WORK TO BE COMPLETED:
Could you repeat every record below exactly, leaving out the pictures?

(Dataset entries)
§ §

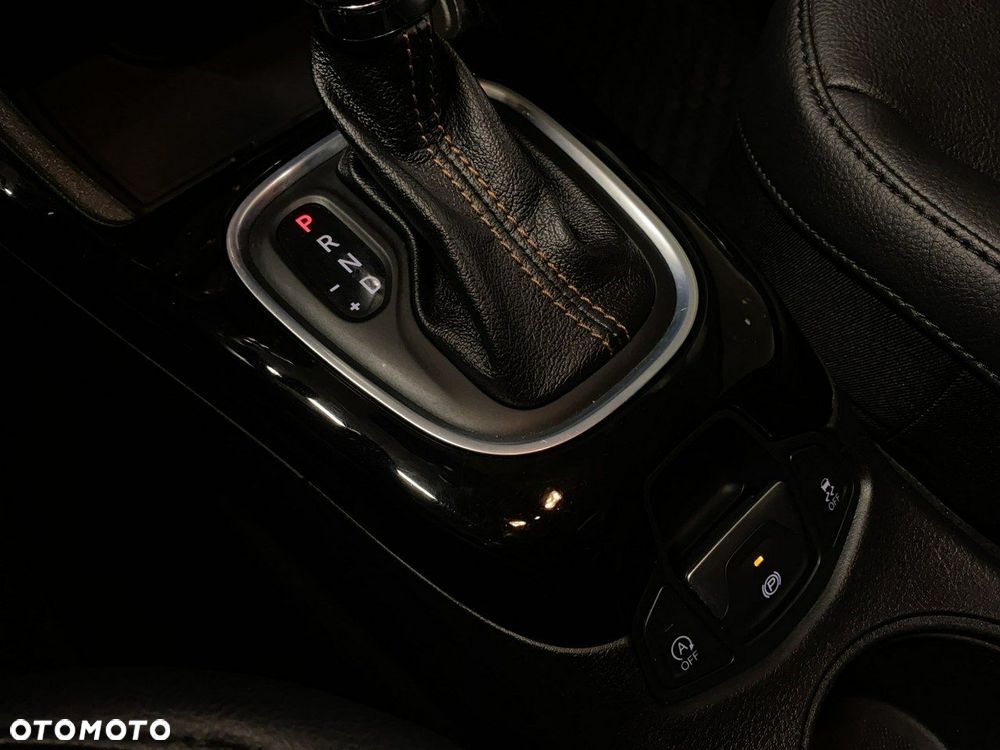 Jeep Compass - 36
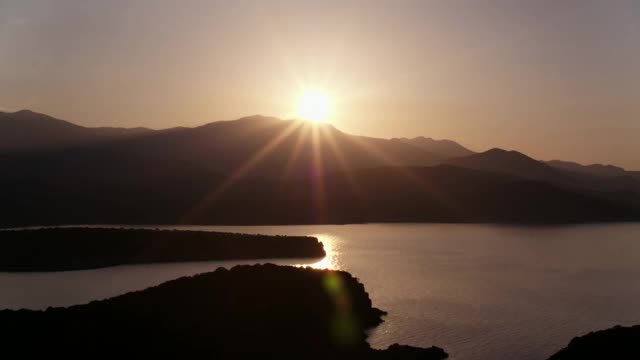 希腊海岸线上的日落视频素材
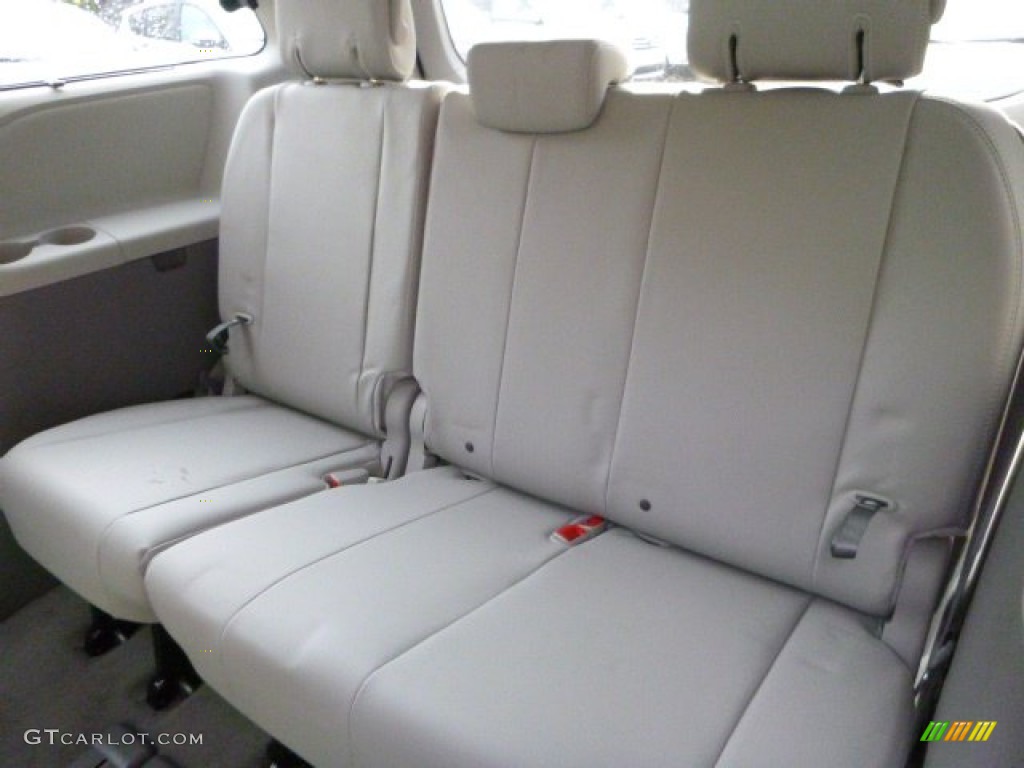 Light Gray Interior 2014 Toyota Sienna XLE Photo #86483442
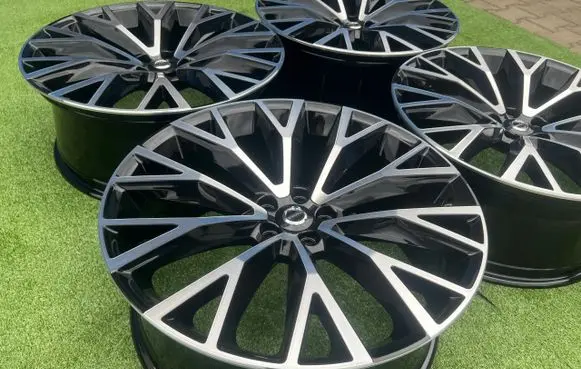 Volvo XC90 R22 alloy rim 31454682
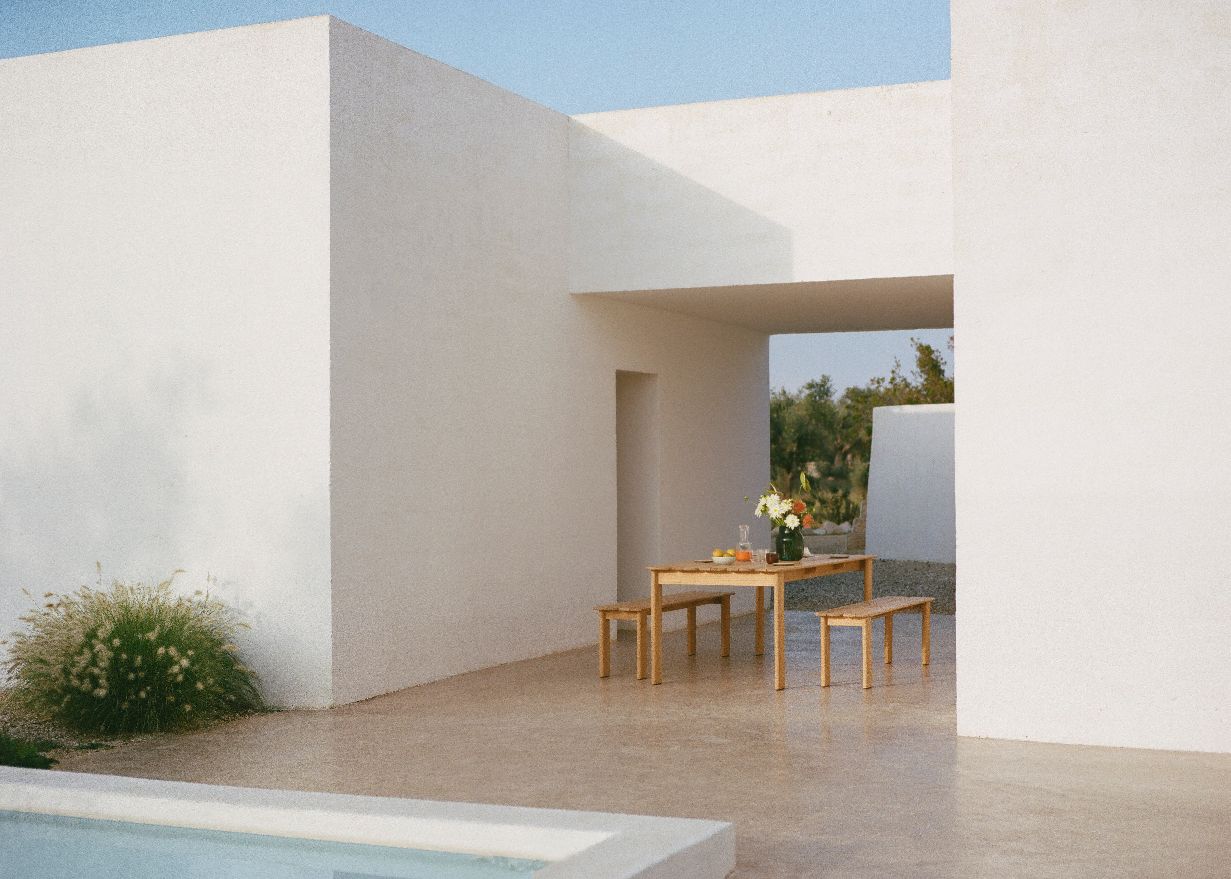 Assemble Bench Bank Teak Outdoor Muuto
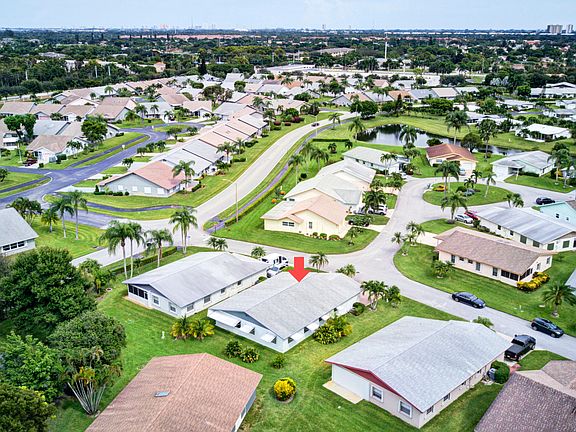 Home For Sale In Cypress Lakes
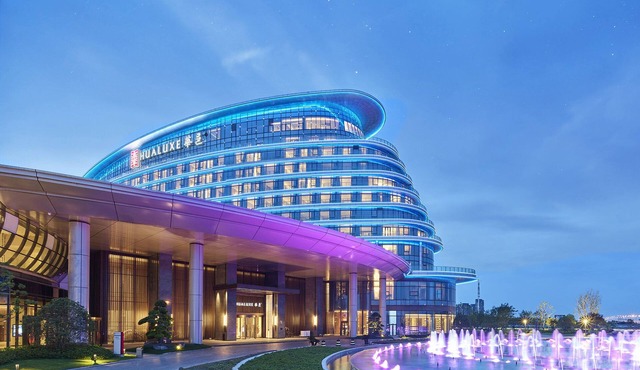 HUALUXE Nanjing Yangtze River by IHG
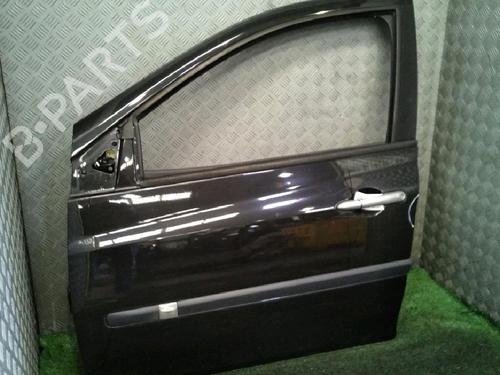 Used Left front door RENAULT CLIO III (BR0/1, CR0/1) 1.2 16V Hi-Flex (BR1U, CR1U) (75 hp) 24215431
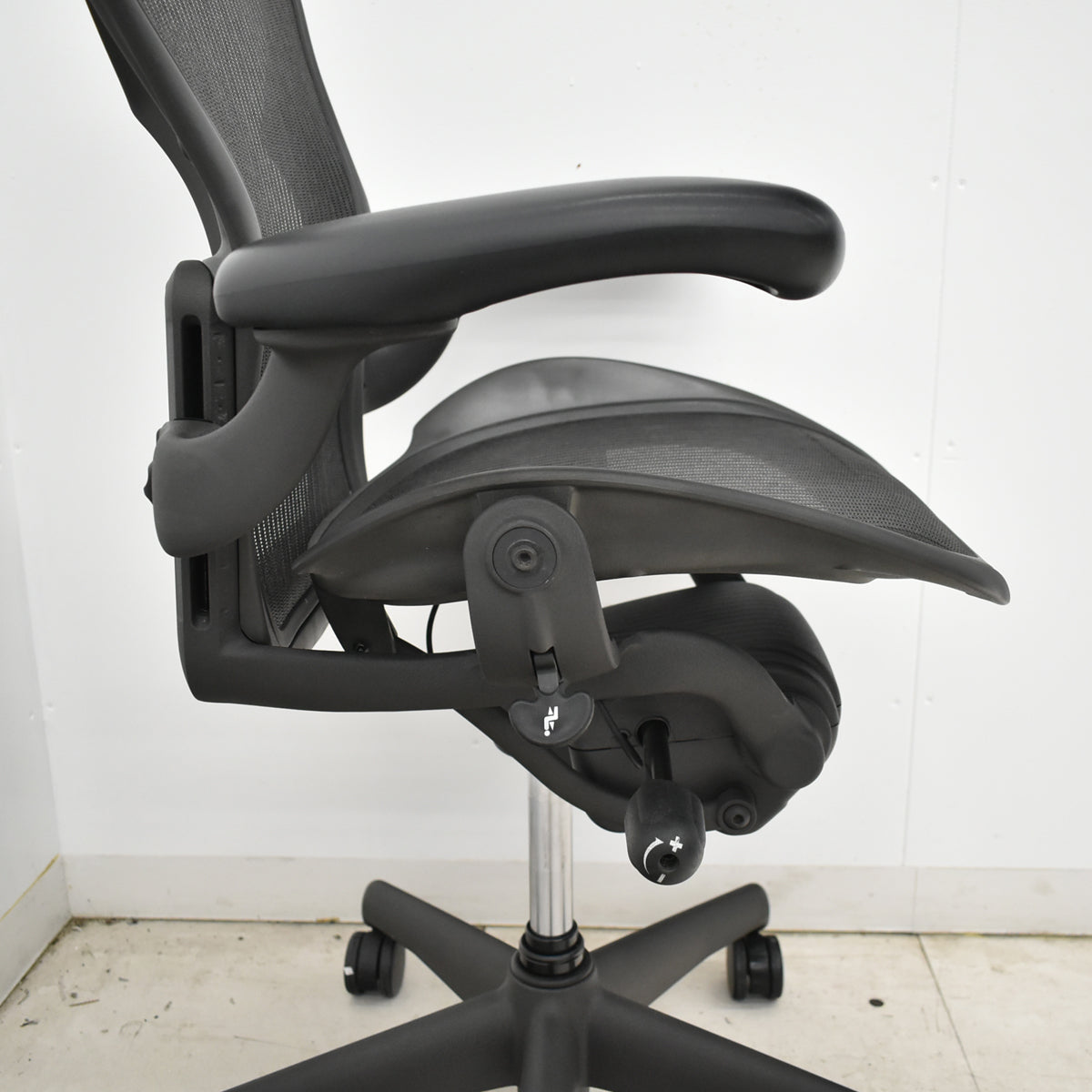 【中古】ハーマンミラー　アーロンチェア　Aサイズ　フル装備　ランバーサポート　ガスシリンダー新品　ブラック　2026052701【中古オフィス家具】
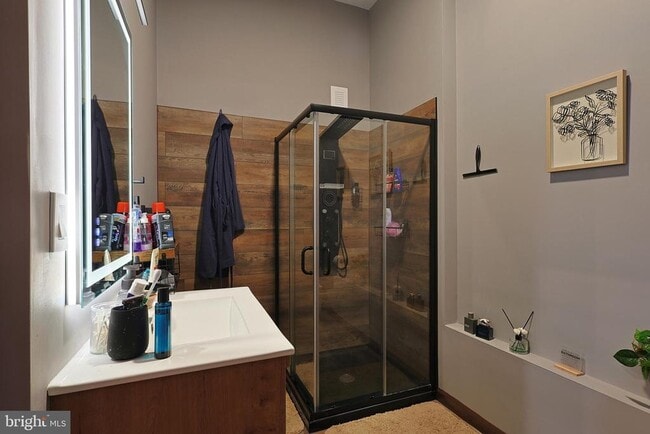 Building Photo - 761 Timberlake Dr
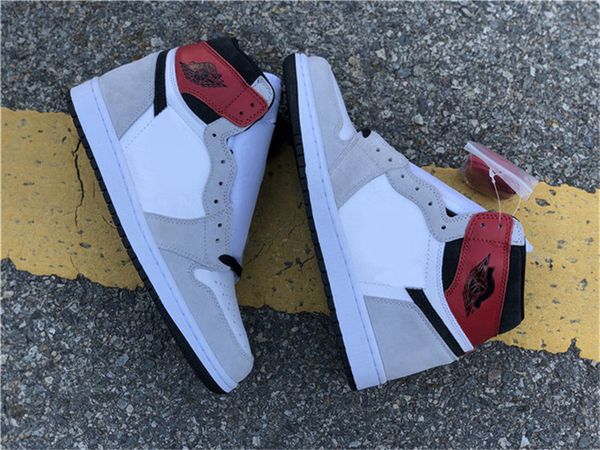

new authentic 1 high og light smoke grey 1s white black varsity red mens basketball shoes outdoor sneakers with original box
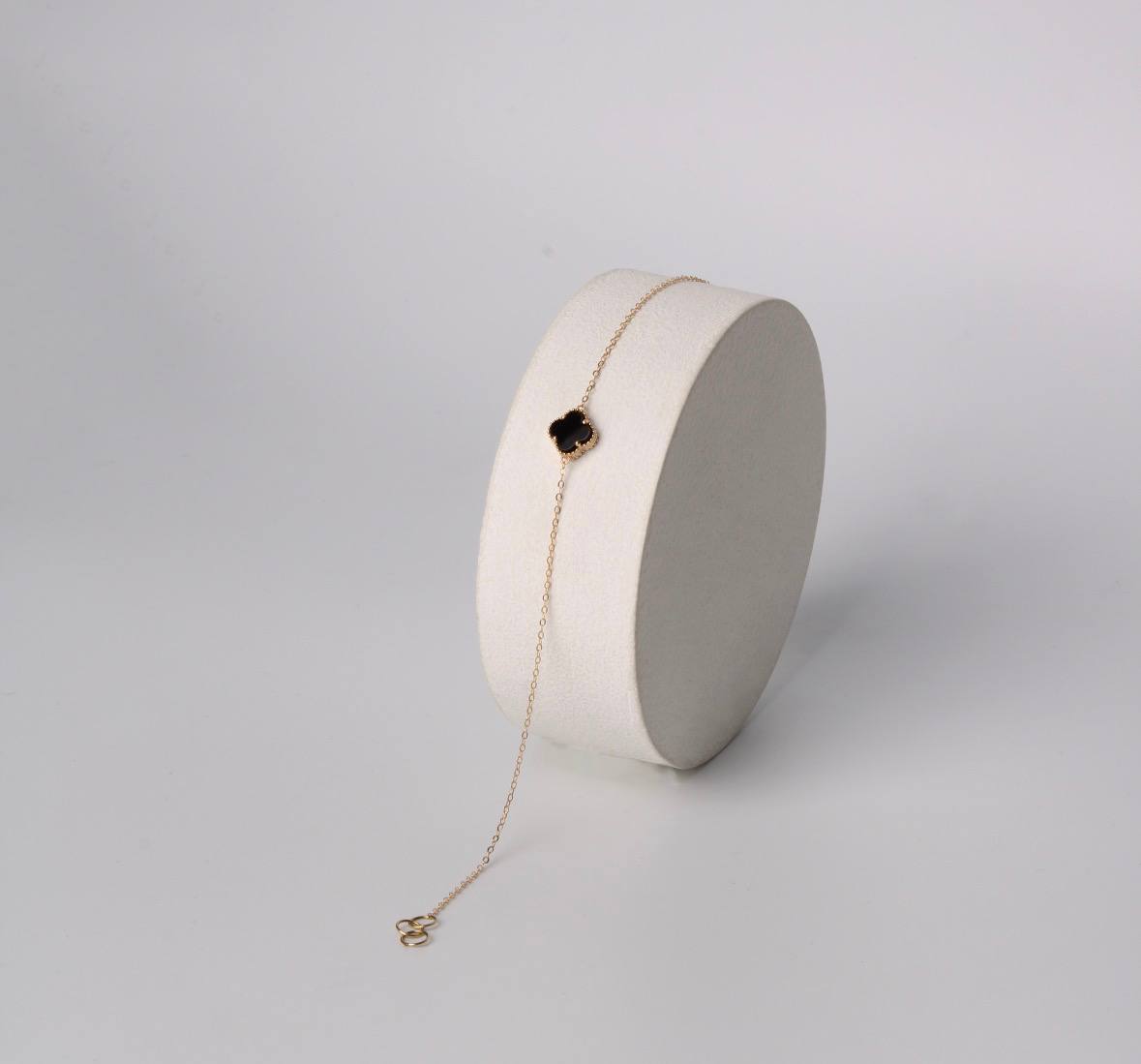 دستبند طلای ونکلیف (Van Cleef) سنگ رنگی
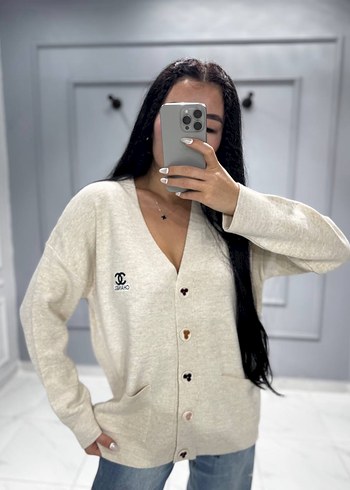 Chanel Düğmeli Gri Oversize Hırka - Görsel 2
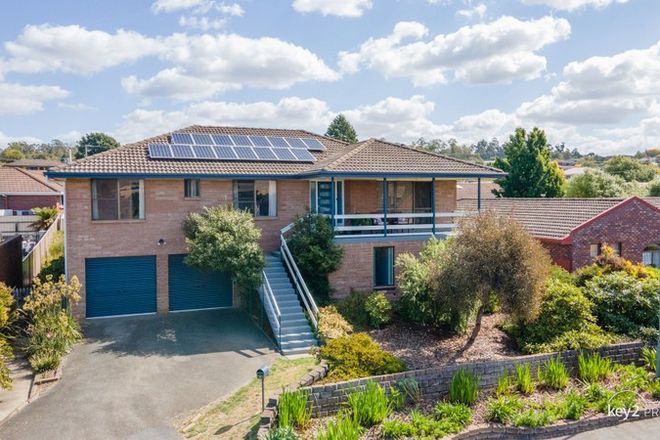 Picture of 6 Benwerrin Crescent, NORWOOD TAS 7250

§ §

OUTPUT OF THE EXERCISE:
 Jeep Compass - 36
 希腊海岸线上的日落视频素材
 Light Gray Interior 2014 Toyota Sienna XLE Photo #86483442
 Volvo XC90 R22 alloy rim 31454682
 Assemble Bench Bank Teak Outdoor Muuto
 Home For Sale In Cypress Lakes
 HUALUXE Nanjing Yangtze River by IHG
 Used Left front door RENAULT CLIO III (BR0/1, CR0/1) 1.2 16V Hi-Flex (BR1U, CR1U) (75 hp) 24215431
 【中古】ハーマンミラー　アーロンチェア　Aサイズ　フル装備　ランバーサポート　ガスシリンダー新品　ブラック　2026052701【中古オフィス家具】
 Building Photo - 761 Timberlake Dr

new authentic 1 high og light smoke grey 1s white black varsity red mens basketball shoes outdoor sneakers with original box
 دستبند طلای ونکلیف (Van Cleef) سنگ رنگی
 Chanel Düğmeli Gri Oversize Hırka - Görsel 2
 Picture of 6 Benwerrin Crescent, NORWOOD TAS 7250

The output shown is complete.